1. **Conversion of Grayscale Images to RGB**: To maintain consistency in input data format, all grayscale images are converted to RGB format. This is crucial as the model is designed to process three-channel RGB images.

2. **Conversion from RGBA to RGB**: Images in RGBA format, containing an alpha channel for transparency, are converted to standard RGB format. This standardization is important to avoid discrepancies in image formats and ensure uniform input to the model.

3. **Image Standardization**: Prior to augmentation, images are standardized to the `uint8` format. This standardization is necessary to align with the expected input format of the augmentation library and maintain consistency across the dataset.

4. **Hue, Saturation, Value Adjustments**: To introduce variability in the dataset and simulate different lighting conditions, the hue, saturation, and value of the images are randomly adjusted. This variability helps in enhancing the model's ability to generalize across different environmental settings.
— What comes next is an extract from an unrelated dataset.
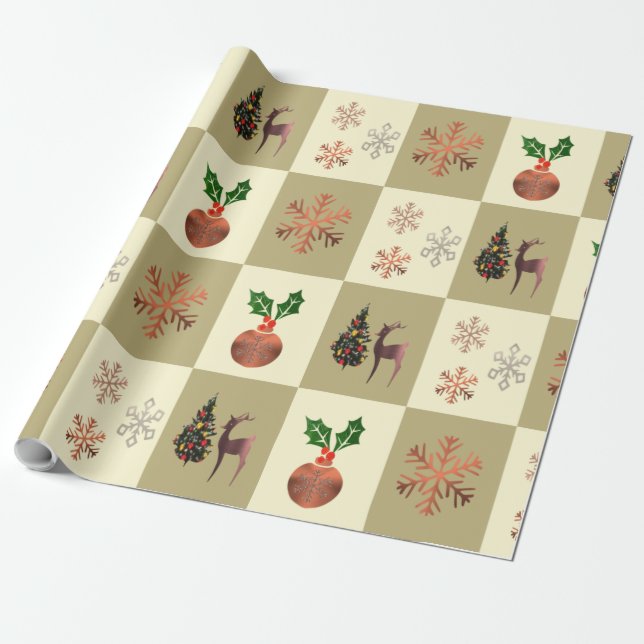 Papel de embrulho de Natal (Desenrolado)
5. **Random Brightness and Contrast Adjustments**: The model's adaptability to different lighting conditions is further improved by randomly adjusting the brightness and contrast of the images. This step ensures that the model can perform well under various lighting conditions, enhancing its practical applicability.

These preprocessing steps are integral to the training process, enhancing the model's performance and ensuring its effectiveness in real-world scenarios.
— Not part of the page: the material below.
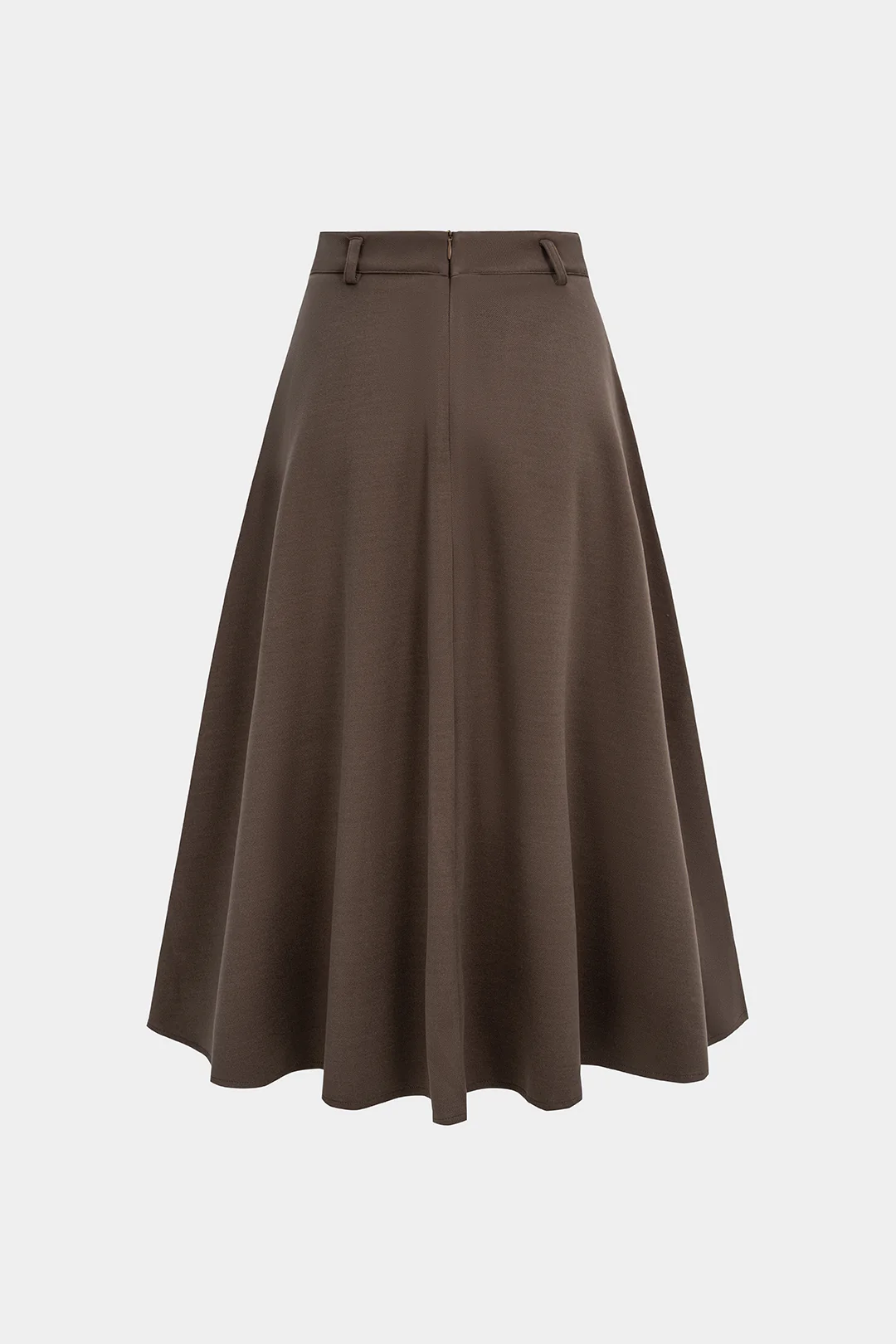 Woolen Ruched Pocket High Waist Skirt - Image 2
## Performance Metrics Comparison

### Overall Performance:

- **Precision (P):** Increased from 0.879 to 0.882.
- **Recall (R):** Significantly increased from 0.72 to 0.839.
- **mAP50:** Increased from 0.781 to 0.901.
- **mAP50-95:** Increased from 0.56 to 0.643.

### Performance by Class:

- **Room:**
  - Precision: Remained constant at 0.909.
  - Recall: Increased from 0.773 to 0.892.
  - mAP50: Increased from 0.82 to 0.941.
  - mAP50-95: Increased from 0.592 to 0.679.
- **Window:**
  - Precision: Slightly increased from 0.871 to 0.88.
  - Recall: Significantly increased from 0.691 to 0.803.
  - mAP50: Increased from 0.761 to 0.881.
  - mAP50-95: Increased from 0.463 to 0.53.
- **Door:**
  - Precision: Remained constant at 0.858.
  - Recall: Increased from 0.695 to 0.821.
  - mAP50: Increased from 0.764 to 0.881.
  - mAP50-95: Increased from 0.625 to 0.72.

## Analysis

### Overall Impact:

After preprocessing, the model's overall performance has seen notable improvements, particularly in terms of Recall and Mean Average Precision (mAP). These improvements suggest that preprocessing helps the model generalize better and more effectively recognize different object classes.
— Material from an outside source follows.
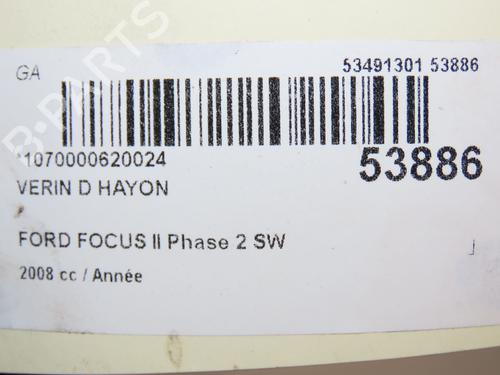 Gasdæmper bagklap FORD FOCUS II Turnier (DA_, FFS, DS) 1.6 TDCi (90 hp) 28969313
### Performance Variations by Class:

- The **Room** category showed the most significant performance improvement, especially in Recall and mAP50, indicating that the preprocessed model is more accurate in detecting more rooms.
- The **Window** and **Door** categories also showed performance improvements, especially in Recall, indicating that after preprocessing, the model has a higher coverage in detecting windows and doors.

### Influencing Factors:

The preprocessing steps include color space adjustments, and brightness and contrast adjustments. These improvements may have helped the model better distinguish between different object features, particularly under varying lighting and background conditions. The changes in color and contrast seem to aid in improving the model's ability to recognize different object categories.

## Conclusion

The data preprocessing has significantly impacted the model's performance positively, especially in terms of Recall and mAP metrics. This indicates that preprocessing steps like color adjustments and brightness/contrast adjustments are effective in enhancing the model's generalization ability in real-world scenarios. The specific improvements in recognizing certain object categories, such as rooms, windows, and doors, suggest these preprocessing techniques are particularly useful in enhancing the model's ability to detect specific objects. Further experimentation, such as different types of image enhancements, could be beneficial to determine the optimal data preprocessing workflow.